Mediation and Collaboration
Mediation offers a lifeline to many families in the midst of separation and conflict. When relationships break down and you need to sort personal matters such as child custody, property or finances, matters can often turn confrontational very quickly.
Depending on the circumstances, court proceedings may leave you feeling that no one has won out of the situation and emotions can run high. Perhaps arguments have escalated to a point where you feel the relationship is irreparable or you can’t even be in the same room as the other person. It doesn’t need to be this way; mediation can offer a calmer, less stressful route.
Mediation involves using an impartial third-party (our family law mediators) to guide you and your partner’s discussions over several sessions to help reach a mutually agreeable solution. Our mediators remain neutral throughout the conversations and will not take either person’s side or judge them – our aim is to encourage positive communication between both of you and avoid arguments. We create a calm, informal environment where you feel comfortable working towards the best outcome for your family. Mediation can be used at any time (although the sooner, the better) and also in many situations; whether you are married/ not married or have children/ do not have children. Even if you feel that your relationship has gone past the point of repair, mediation can help.
Mediation is for you if you:
- Want to be in control of the outcome and not have decisions imposed on you by the courts.
- Feel you would benefit from a non-judgemental, neutral third party guiding your discussions and offering advice and alternative ideas.
- Are open to communicating and finding new solutions.
- Want what is best for your family as a whole.
- Are willing to work towards an outcome that is mutually-agreeable to those involved.
Many people find mediation to be much more cost-effective than litigation. This is because you and the other party split the total cost between you, rather than both paying separate fees for litigation.
COVID-19: Family Law Update
Click here to listen to our recent Family Law Update webinar where we discuss family issues arising during COVID-19 and how we have been able to help, particularly through innovative use of technology and mediation.
This webinar can also be downloaded as a podcast from iTunes, Spotify and Google Podcasts – simply search "MacRoberts" on your preferred platform to access our latest content.

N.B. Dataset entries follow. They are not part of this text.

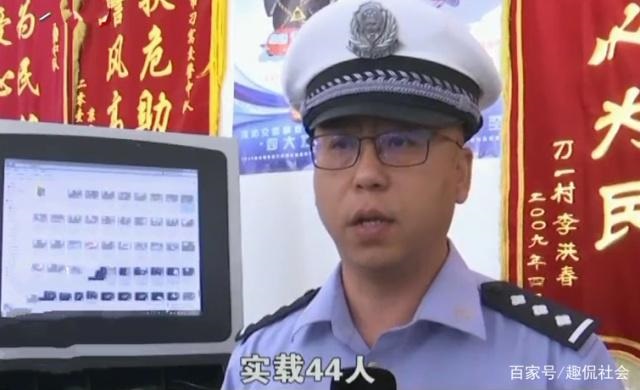 無牌無證黑送子車被查,女司機一問三不知,交警打開車門后傻眼了! 無牌無證黑送子車被查,女司機一問三不知,交警打開車門后傻眼了!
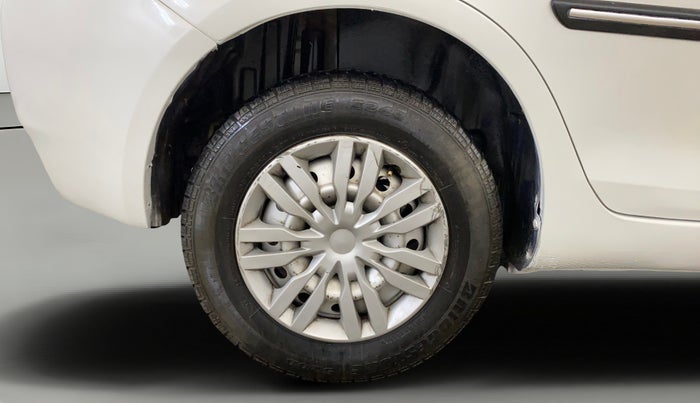 2014 Maruti Swift Dzire LXI, Petrol, Manual, 69,905 km, Right Rear Wheel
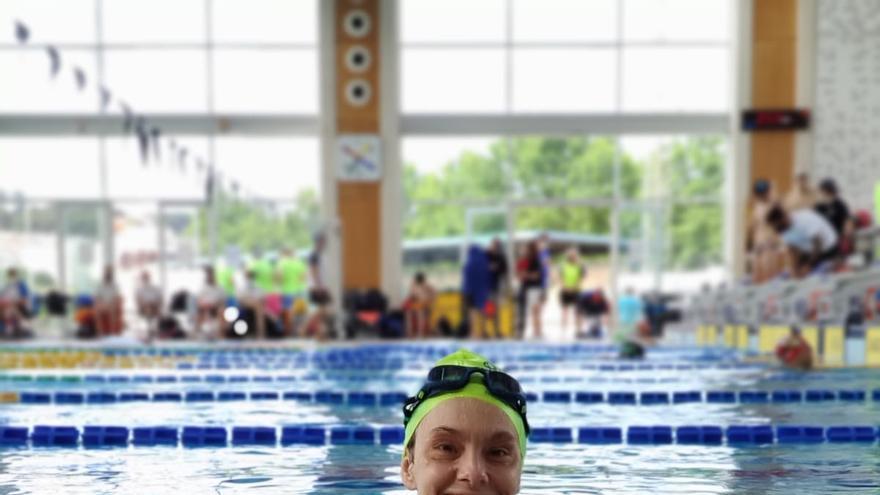 La ginecóloga de La Vall que aspira a nadar en una Paralimpiada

If your relationship is breaking down, collaboration can help you have open and constructive discussions with the other party involved. This helps you avoid any messy court battles over children, finances and property.

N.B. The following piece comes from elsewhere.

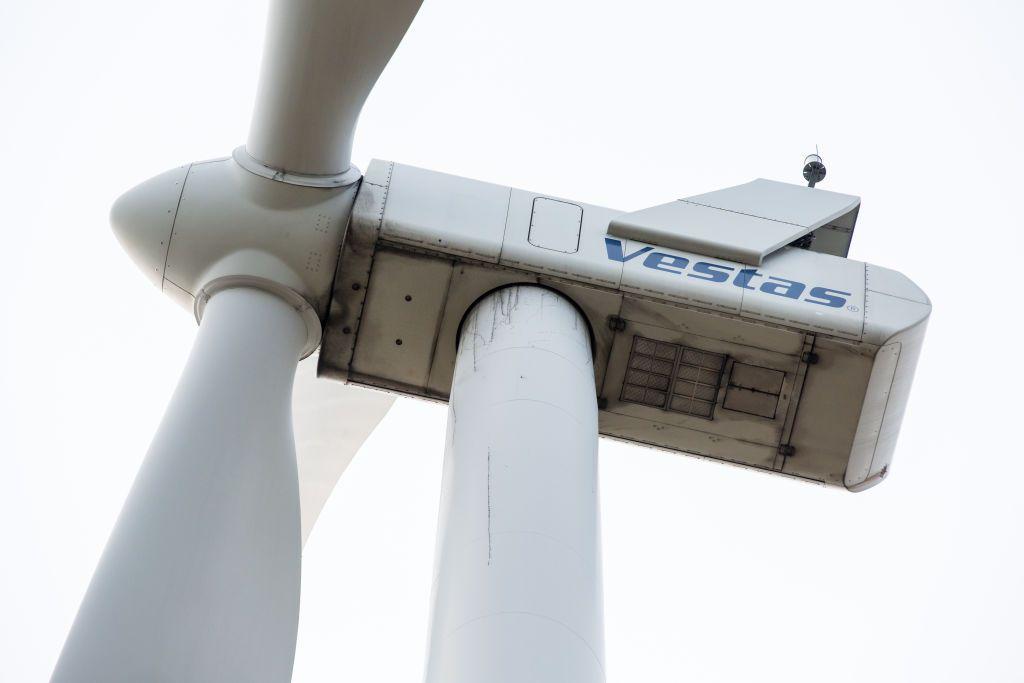 Una turbina e&oacute;lica con el logotipo de la empresa Vestas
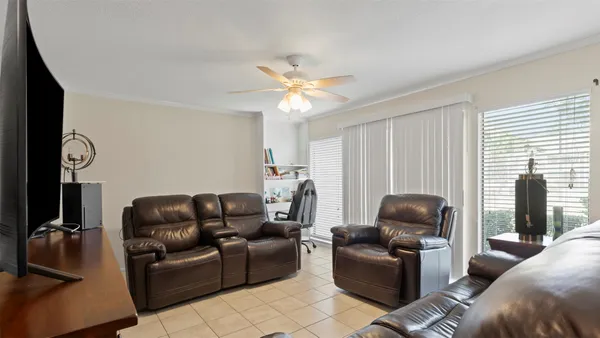 $1,100 | 14777 Wunderlich Drive, Unit 2013, Houston, TX 77069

Collaboration works similarly to mediation in that it promotes a calm, pragmatic atmosphere where common ground is found. The aim is to maintain good relationships and, if the separation involves children, work towards a solution that is best for the family as a whole. Where collaboration differs from mediation is that each party has a collaboratively-trained lawyer representing them, unlike mediation which has one neutral mediator guiding discussions between both parties.
At the start of the collaboration process, both parties and lawyers agree in writing that they will not go to court. This means that later, should one person change their mind and decide to go to court, then both lawyers have to stop representing and the couple involved have to get new lawyers. All information discussed during collaboration is confidential. Therefore, should the process not work, none of the information shared can be used later in court.

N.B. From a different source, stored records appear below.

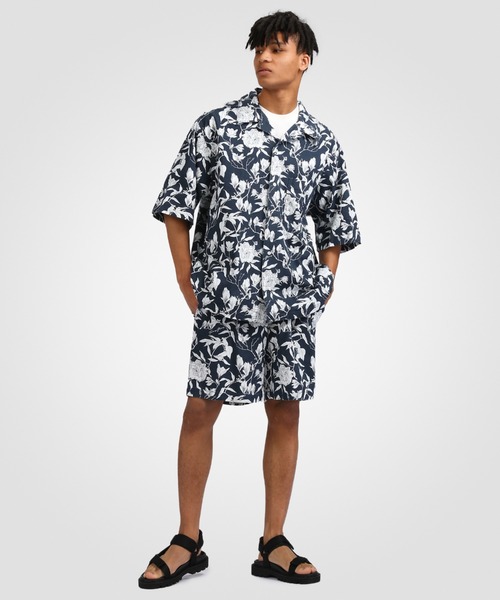 tommy jeans（トミー ジーンズ）の「【FESTIVAL CAPSULE COLLECTION】フラワープリントショートスリーブシャツ（シャツ/ブラウス・メンズ・ネイビー/ピンク・SMALL/MEDIUM/LARGE/X-LARGE）」の5枚目の写真
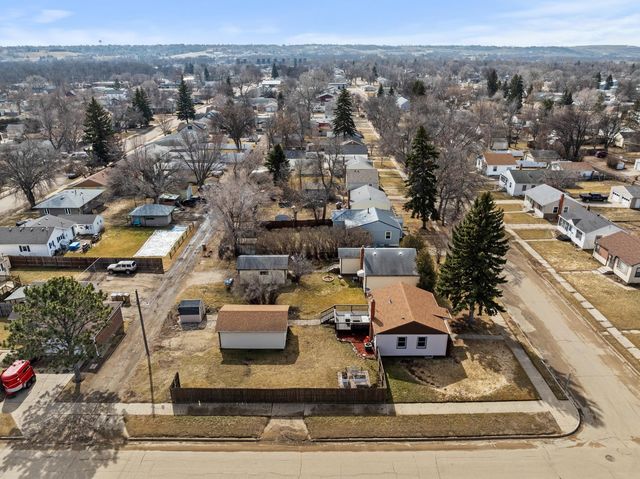624 19th St NW, Minot, ND 58703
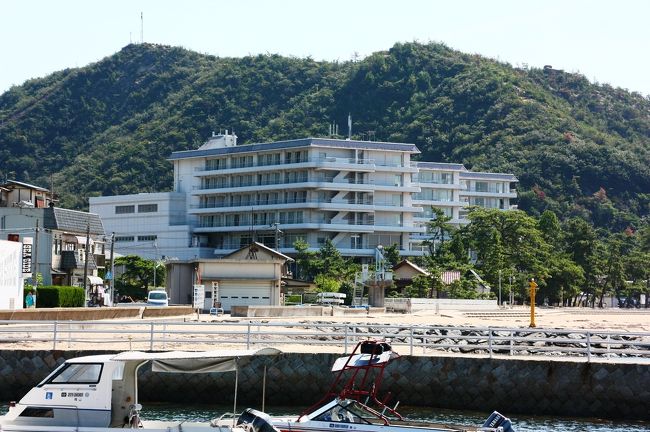 瀬戸内際でとった宿は「ダイヤモンド瀬戸内マリンホテル」。<br />結婚披露宴も行われる、大きなホテルです。<br />瀬戸の浜辺に湧く天然泉「たまの温泉」がご自慢のよう。<br /><br /><br /><br />ダイヤモンド瀬戸内マリンホテル<br />玉野市渋川2-12-1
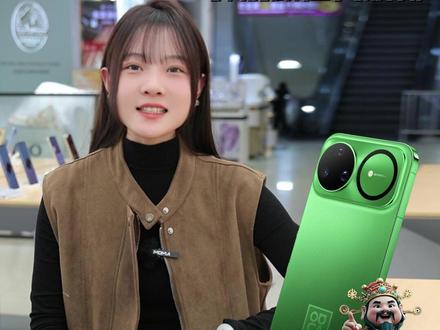 史上最好看nova来了!炫酷绿色+OO镜头,你想到了什么? #华为nova15 #nova15枫头正劲#鸿蒙越用越香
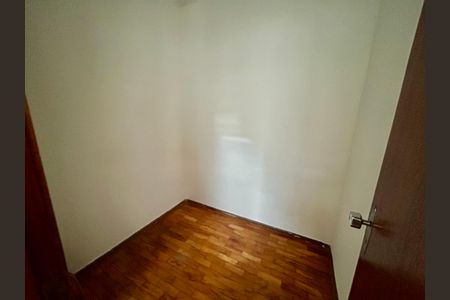 Apartamento para alugar com 118m², 3 quartos e 1 vaga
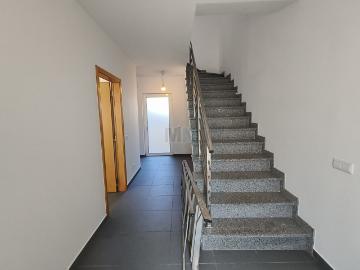 Moradia Remodelada M2+1 com Terraço nos Olivais, Coimbra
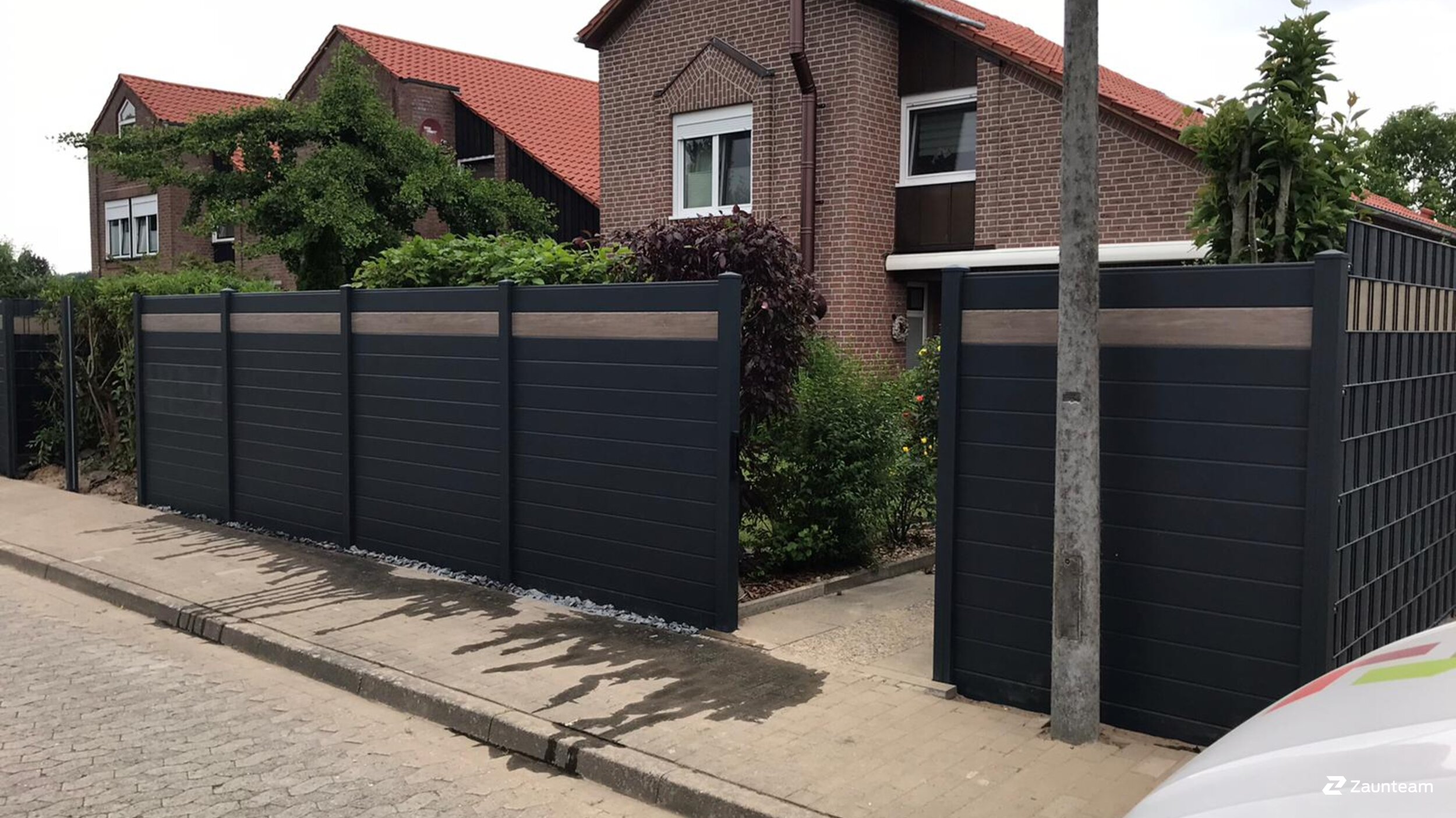 Protection brise-vue en aluminium de 2020 à 29378 Wittingen Allemagne de Zaunteam Südheide-Altmark.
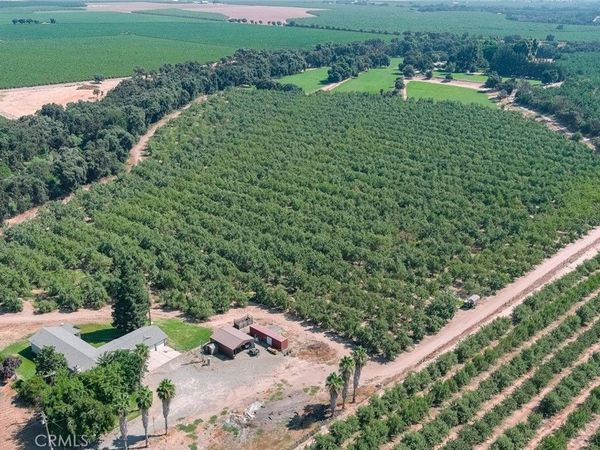 9337 Creekside Lane, Modesto, CA 95357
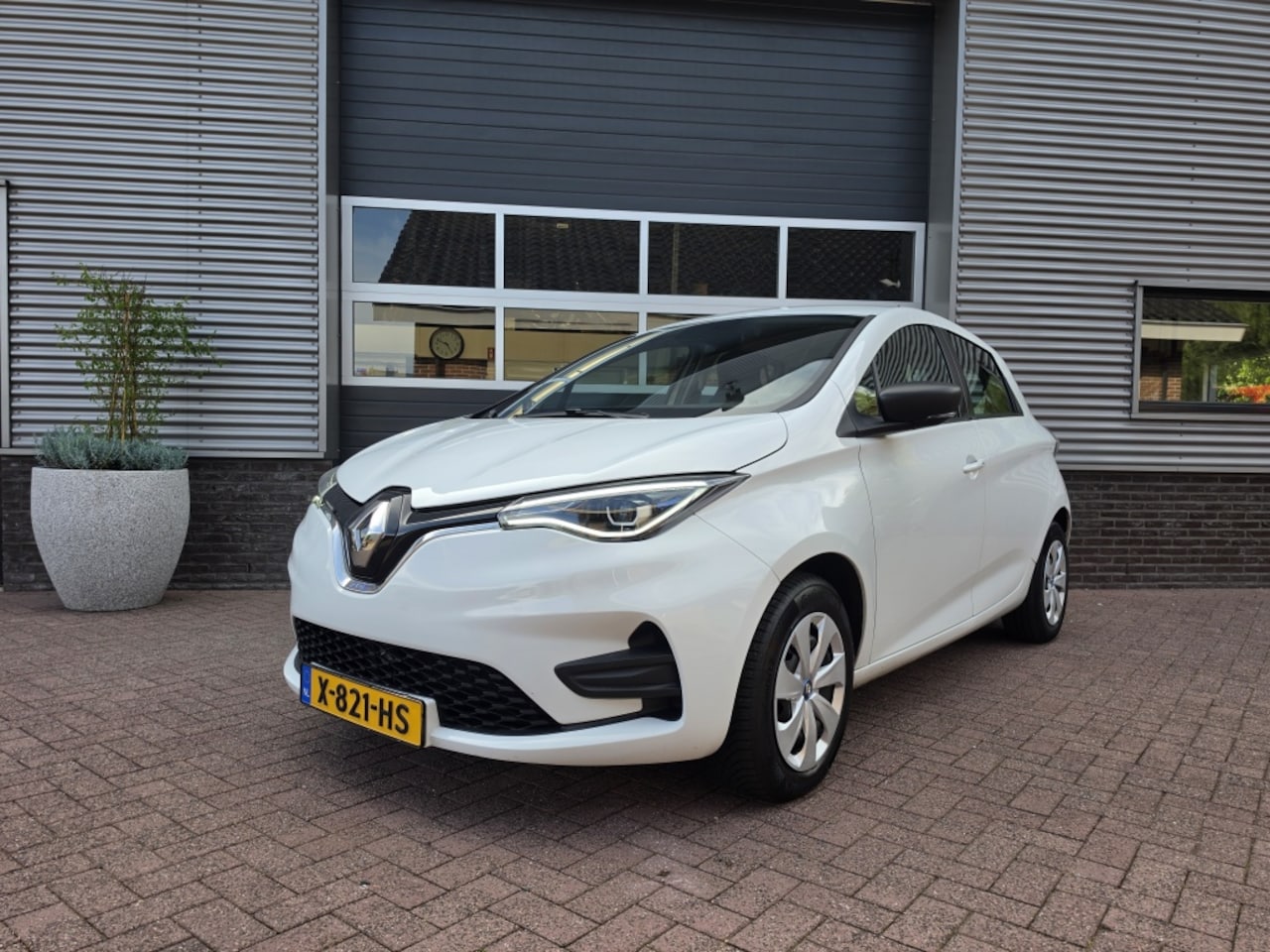 Renault Zoe - | SOH 95% | Koop accu | Trekhaa R110 Life 52 - AutoWereld.nl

Collaboration can help if you:
- Want to reach an outcome that is beneficial to the entire family.
- Want to be in control of the outcome, rather than relying on the courts to make decisions.
- Want to separate with dignity and avoid confrontation and arguments.
- Are open to communication and looking for mutually-agreeable solutions.
- Are willing to be honest with each other about your financial situations.
- Want to be respectful to each other and find a way that helps you co-parent successfully after separation.
To use collaborative law to resolve your issues, both parties must use a collaboratively-trained lawyer.